At equilibrium, the rate of the forward reaction (acetic acid dissociating) equals the rate of the reverse reaction (acetate forming acetic acid).
The position of this equilibrium affects the pH of the solution and can be shifted by adding strong acids or bases. For example, adding \(HCl\) increases \([H^+]\), shifting the equilibrium to the left, forming more \(HC_2H_3O_2\).
Understanding these shifts allows students to calculate the molar amounts needed to achieve desired pH levels in buffer systems. In buffered solutions, acetic acid acts as a weak acid, while the acetate ion acts as its conjugate base, both contributing to the buffering capacity of the solution.

Henderson-Hasselbalch equation

The Henderson-Hasselbalch equation is a powerful tool for calculating the pH of buffer solutions. It relates pKa and the ratio of the concentration of the acid and its conjugate base in the buffer.
The equation is:

• \( \mathrm{pH} = \mathrm{pK_a} + \log{\frac{[\text{Base}]}{[\text{Acid}]}} \)

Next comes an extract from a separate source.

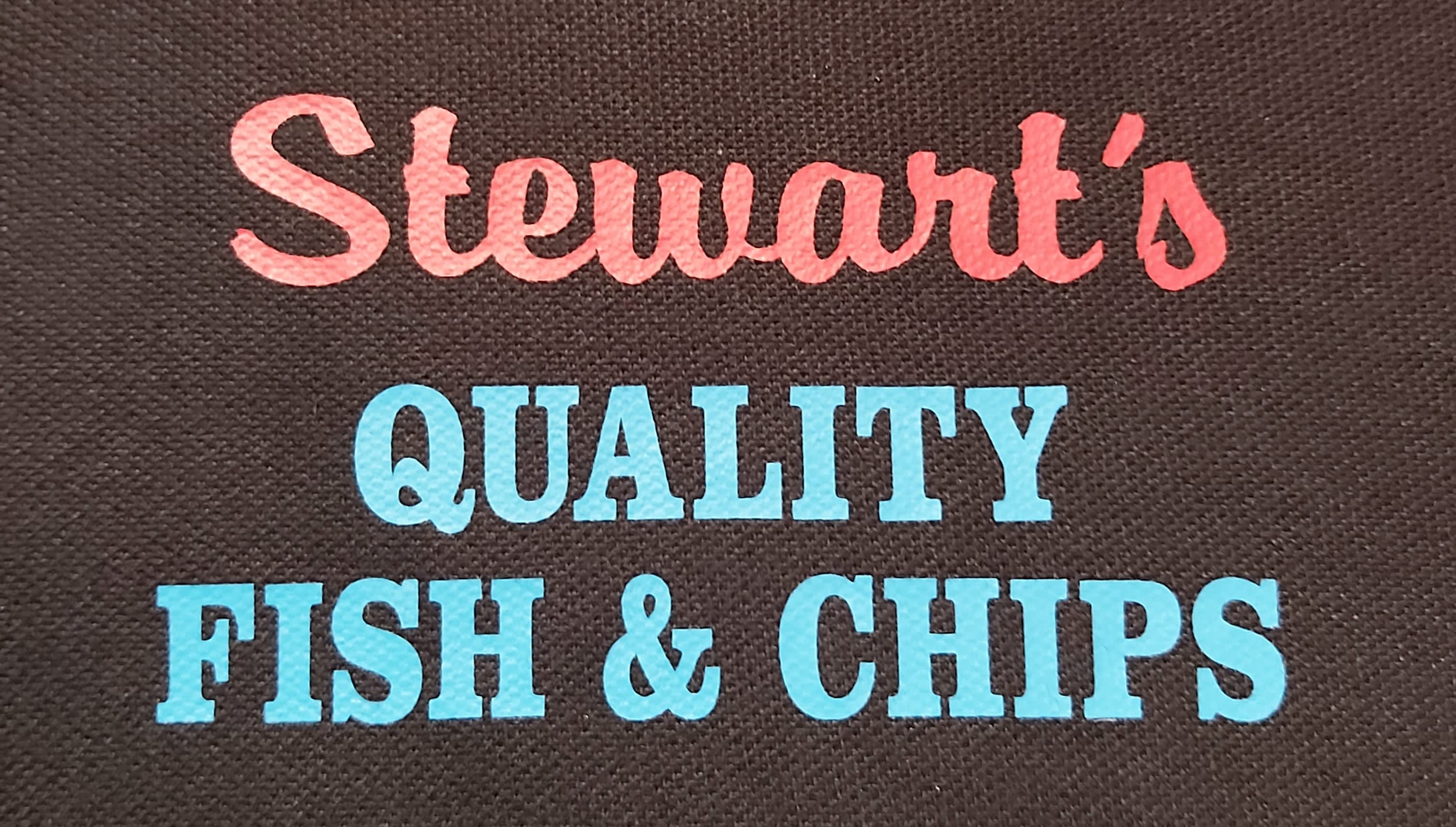 Stewarts Mobile Fish And Chips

In our exercise, this helps determine how much \(HCl(g)\) to add to achieve specific pH levels. By rearranging and applying the equation, students can find the exact amount of acid or base needed to maintain a stable pH in their buffer.
For instance, when \(\mathrm{pH} = \mathrm{pK_a}\), the concentrations of acetic acid and acetate are equal, demonstrating maximum buffer capacity. When the pH shifts, the ratio of base to acid becomes crucial in maintaining the desired pH.
Understanding the Henderson-Hasselbalch equation provides insight into the chemistry of buffers and helps with practical applications like biochemistry and environmental science.